In an attempt to bring peace back in the country, negotiations between the Okello’s government and the National Resistance Army (NRA) under Yoweri Museveni were conducted in Nairobi in the fall of 1985, with Kenyan President Daniel Arap Moi seeking a cease-fire and a coalition government in Uganda. Although agreeing in late 1985 to a cease-fire, the NRA continued fighting, and seized Kampala and the country in late January 1986, forcing Okello's forces to flee north into Sudan. Museveni's forces organized a government with Museveni as president and head of government.

President Museveni led the country into a time of reconciliation and reconstruction of infrastructure by signing peace deals with other rebel groups and absorbing them into NRA which later became Uganda People’s Defense Forces (UPDF). For example Kalangala Action Plan under the leadership of Maj. Roland Kakooza Mutale was absorbed and so did the other groups like Uganda Freedom Movement (UFM) under Andrew Kayiira and Uganda National Rescue Front (UNRF) led by Gen. Moses Ali.

However, like the other government, the NRM government did not enjoy a picnic era but rather tough resistance from other groups like the Alice Lakwena’s Holy Spirit Movement that was crashed in the east and then the longest insurgent group of Lord’s Resistance Army (LRA) under the leadership of Joseph Kony which destabilized the northern region for almost 2 decades until 2005.

Since assuming power, the government dominated by the political grouping created by Yoweri Kaguta Museveni and his followers, the National Resistance Movement (NRM or the "Movement"), has largely put an end to the human rights abuses of earlier governments, initiated substantial political liberalization and general press freedom, and instituted broad economic reforms after consultation with the International Monetary Fund (IMF), World Bank, and donor governments.
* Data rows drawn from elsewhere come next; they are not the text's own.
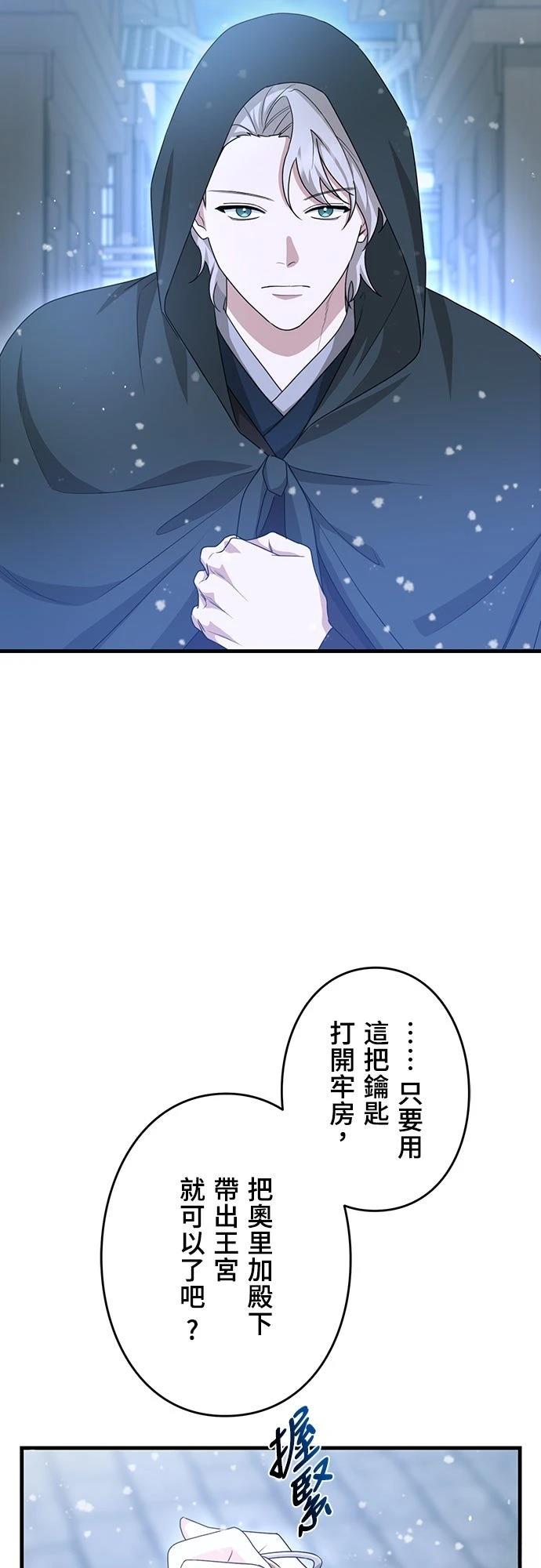 第25话61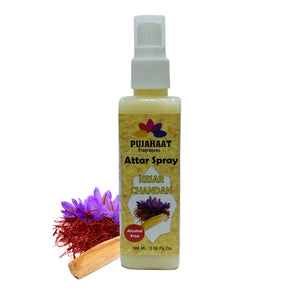 Kesar Chandan | Saffron Sandalwood Attar Spray by Pujahaat | 100ml Non Alcoholic Spray | Religious Mist | Air Freshener, Room Mist, Fabric & Linen Spray | Perfect for Prayers Rooms, Living Room, sofas, curtains, car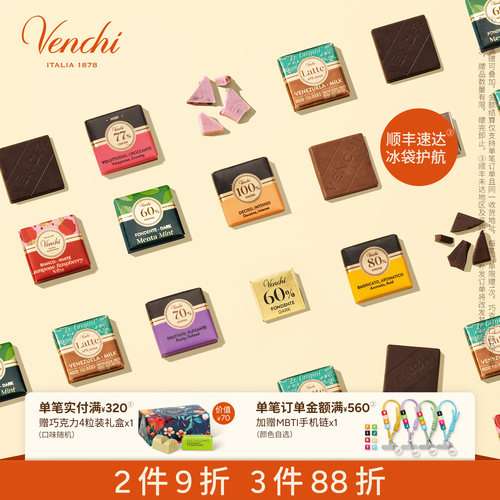 Venchi薄荷树莓牛奶黑巧克力方片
In 2005, a referendum was held that resulted into the birth of multi party system of governance from the single party system that was existing. People were allowed to belong to a party of their choice as new parties emerged like Forum For Democratic Change (FDC) formerly Reform Agenda, Uganda People’s Congress (UPC) and Democratic Party (DP) came back after a long time of suffocation and denial of breathing space.
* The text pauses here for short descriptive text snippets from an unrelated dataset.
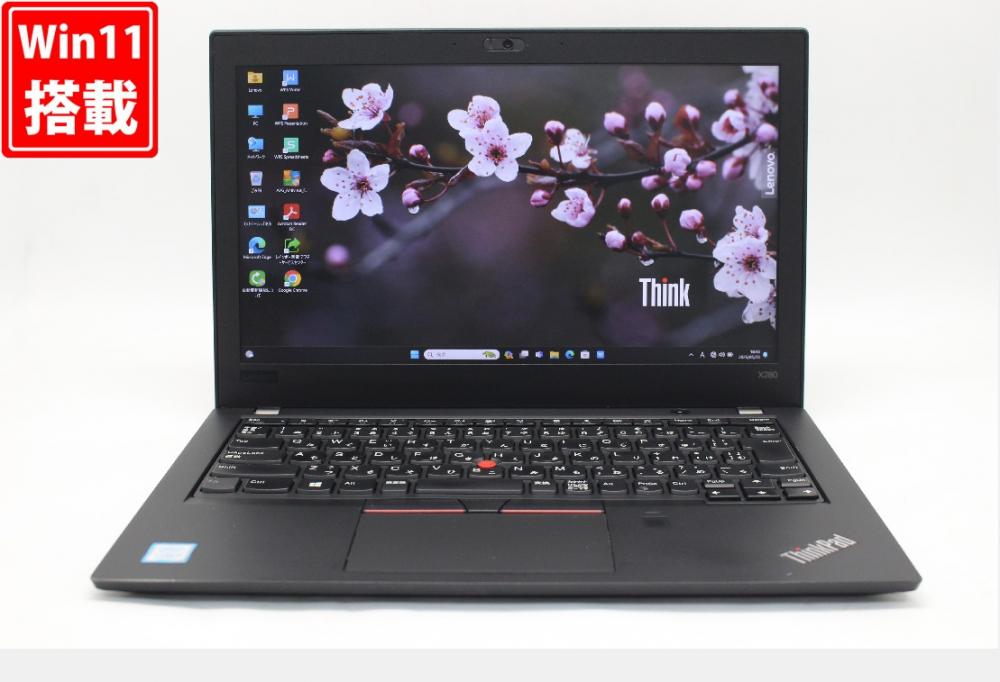 中古良品 フルHD 12.5型 Lenovo ThinkPad X280 Windows11 八世代 i5-8250U 8GB NVMe 512GB-SSD カメラ 無線 Office付 中古パソコン 管:0941w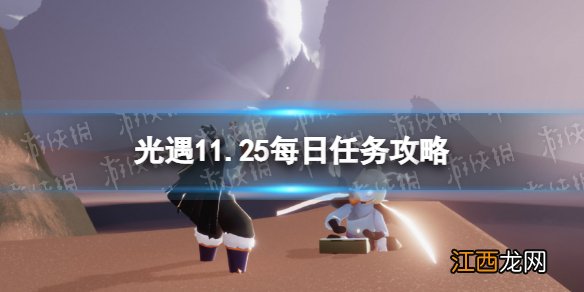 光遇11月25日每日任务怎么做 光遇11.25每日任务攻略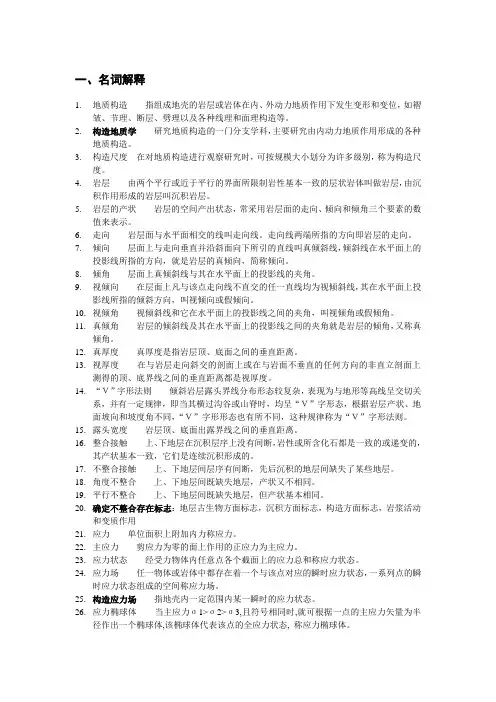 构造地质学考试题目大全
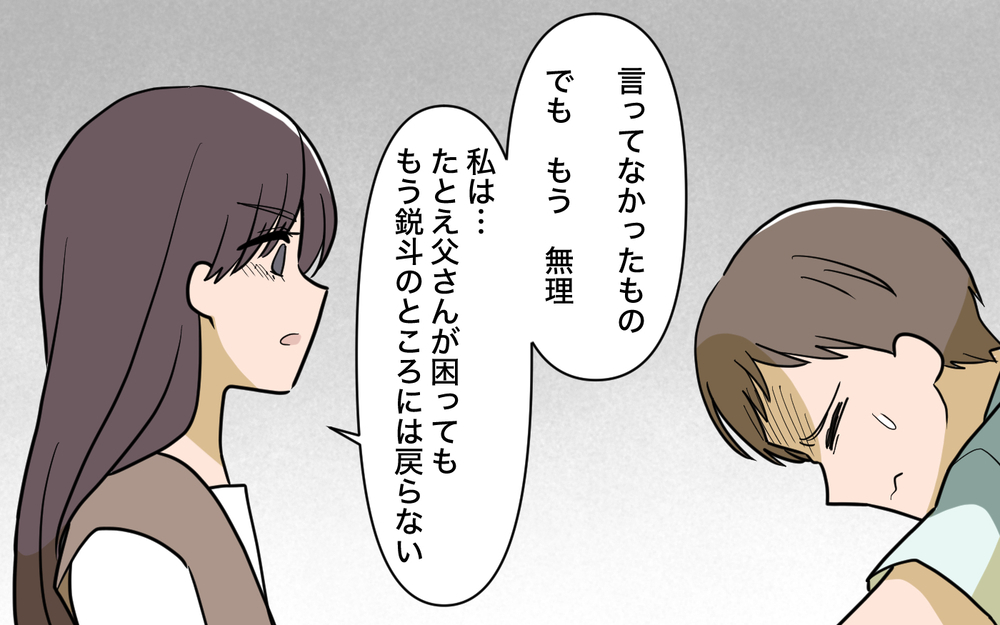 「私はずっと怒ってた！」姉の叫びと決断…その裏で動き出す夫の思惑【姉が帰らない理由 第9話】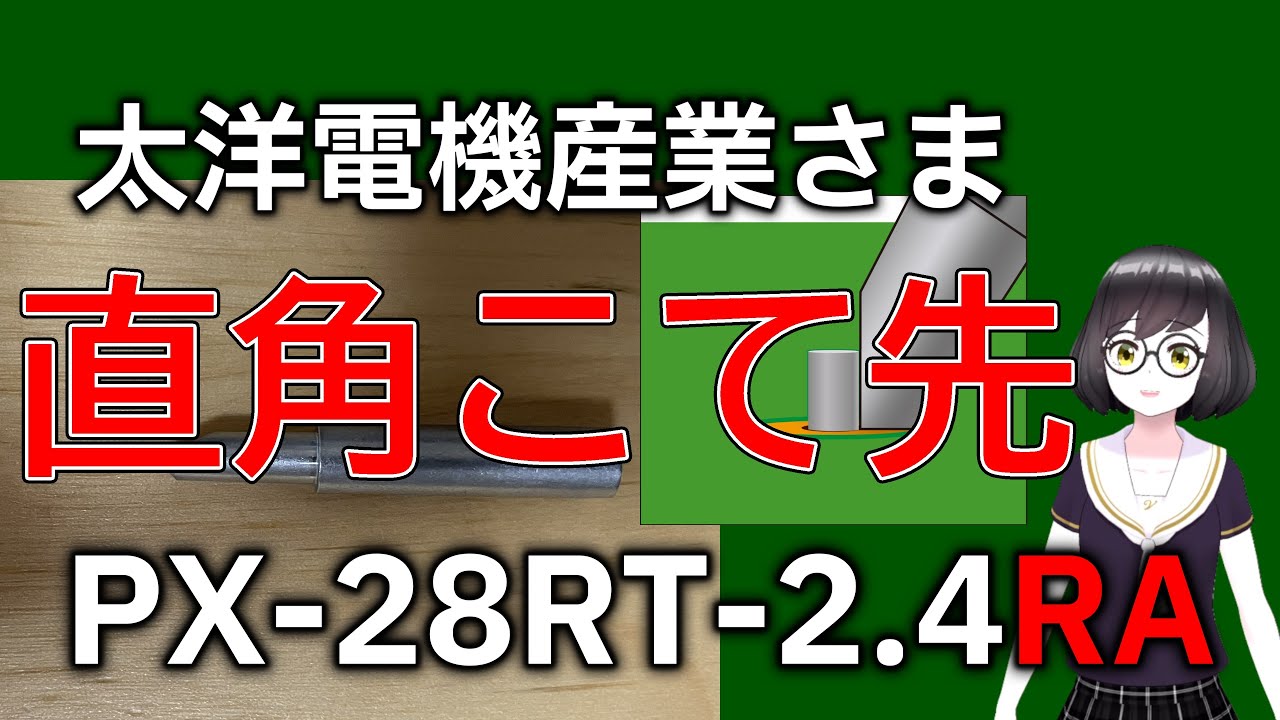はんだごて 直角こて先 PX-28RT-2.4RA 使ってみた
President Museveni instituted the rule of law that the country had heard as a myth since independence by initiating together with the house members, the 1996 constitution to help in guiding the government and restoring order to foster peace and development in the then war ravaged country.
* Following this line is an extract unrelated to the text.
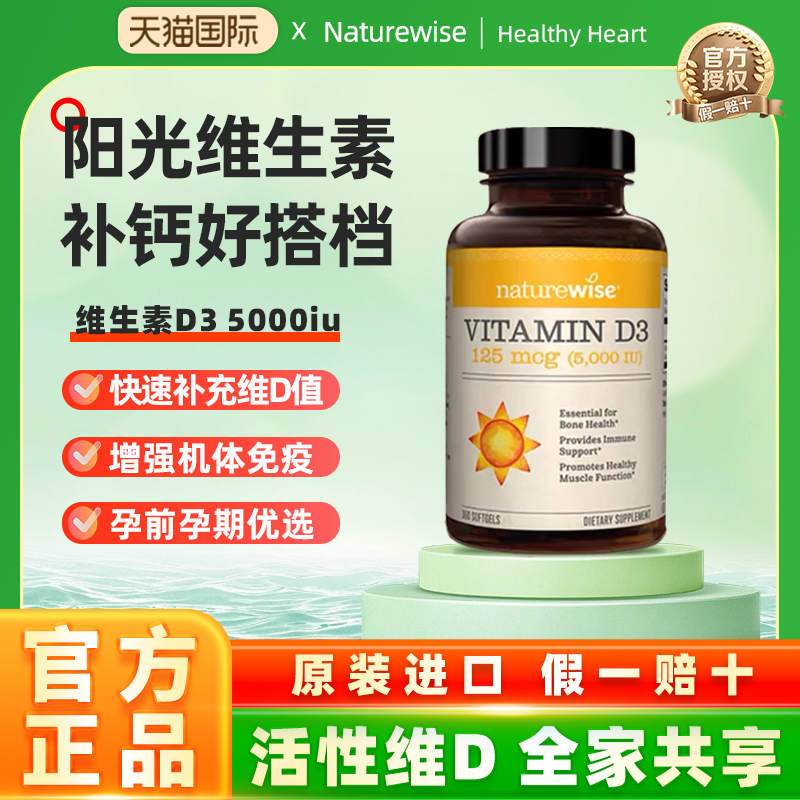 naturewise阳光瓶维生素d3成人女性备孕妇5000iuvd活性维d3软胶囊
He went ahead and restored a number of human rights and freedoms including freedom of worship, expression and a right to belong to any cultural affiliation. He restored kingdoms that were abolished by the Obote regime and allowed the formation of new cultural institutions as kings were inaugurated back to their thrones.

Infrastructure has today greatly improved following a relative peace period the country has enjoyed in the last decade. The economy is growing at a steady speed with tourism and agriculture as the main foreign exchange earners while industries are also taking shape.

Foreigners have been attracted to come and invest and several of them have turned up including the exiled Indians. This has led to growth of industries with several products manufactured with in the country including the essentials in homesteads like soap and salt. The country today enjoys peace and tranquility which has seen the tourism industry boom. With the discovery of oil, the country hopes to get better in a near future.

In 2012, the country won an accolade as the destination of choice for tourists all over the world while in 2013 Kidepo Valley national park was voted among the 10 best national parks in Africa and Queen Elizabeth National park was reviewed among the best performing parks by travelers on the world’s largest travel site; Trip Advisor. With this tourism trend and good international image, in addition to the oil extraction, the sky will be the limit for the country’s growth and development.